=== Information shown ===

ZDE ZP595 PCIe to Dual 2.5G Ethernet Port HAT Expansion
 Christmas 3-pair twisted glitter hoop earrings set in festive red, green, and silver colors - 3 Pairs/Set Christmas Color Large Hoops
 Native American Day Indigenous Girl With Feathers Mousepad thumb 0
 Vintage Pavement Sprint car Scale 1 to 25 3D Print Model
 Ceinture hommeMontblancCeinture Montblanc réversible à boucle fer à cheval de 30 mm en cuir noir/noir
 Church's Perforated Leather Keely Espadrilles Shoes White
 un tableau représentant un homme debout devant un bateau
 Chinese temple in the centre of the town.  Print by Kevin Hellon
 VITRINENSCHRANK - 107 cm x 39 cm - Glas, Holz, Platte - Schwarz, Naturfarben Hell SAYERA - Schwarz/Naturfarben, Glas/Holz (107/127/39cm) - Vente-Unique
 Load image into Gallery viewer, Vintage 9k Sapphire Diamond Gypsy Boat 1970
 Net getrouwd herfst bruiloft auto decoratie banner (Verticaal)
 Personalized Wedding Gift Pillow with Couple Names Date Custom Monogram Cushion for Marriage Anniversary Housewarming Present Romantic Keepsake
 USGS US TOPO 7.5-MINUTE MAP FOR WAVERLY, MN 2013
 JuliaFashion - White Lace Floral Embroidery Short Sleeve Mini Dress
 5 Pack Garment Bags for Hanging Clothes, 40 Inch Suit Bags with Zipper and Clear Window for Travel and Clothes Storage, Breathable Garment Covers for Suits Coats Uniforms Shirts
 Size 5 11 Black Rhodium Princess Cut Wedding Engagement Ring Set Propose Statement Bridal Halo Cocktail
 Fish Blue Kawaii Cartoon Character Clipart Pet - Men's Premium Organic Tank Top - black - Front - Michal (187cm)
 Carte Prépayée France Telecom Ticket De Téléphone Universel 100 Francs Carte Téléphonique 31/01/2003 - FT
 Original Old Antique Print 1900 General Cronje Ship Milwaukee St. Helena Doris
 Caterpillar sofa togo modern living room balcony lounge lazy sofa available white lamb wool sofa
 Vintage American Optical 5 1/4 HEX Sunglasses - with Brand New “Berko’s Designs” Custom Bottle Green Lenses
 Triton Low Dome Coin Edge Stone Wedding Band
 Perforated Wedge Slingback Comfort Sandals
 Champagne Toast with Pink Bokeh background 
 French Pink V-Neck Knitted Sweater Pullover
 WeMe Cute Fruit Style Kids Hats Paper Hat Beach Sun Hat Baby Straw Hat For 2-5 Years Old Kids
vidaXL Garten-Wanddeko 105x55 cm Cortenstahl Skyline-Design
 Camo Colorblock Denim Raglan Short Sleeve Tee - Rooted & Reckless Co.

===

# Action item
Search the records for the word "Custom". Copy every line that has it.

# Output of the task
 Personalized Wedding Gift Pillow with Couple Names Date Custom Monogram Cushion for Marriage Anniversary Housewarming Present Romantic Keepsake
 Vintage American Optical 5 1/4 HEX Sunglasses - with Brand New “Berko’s Designs” Custom Bottle Green Lenses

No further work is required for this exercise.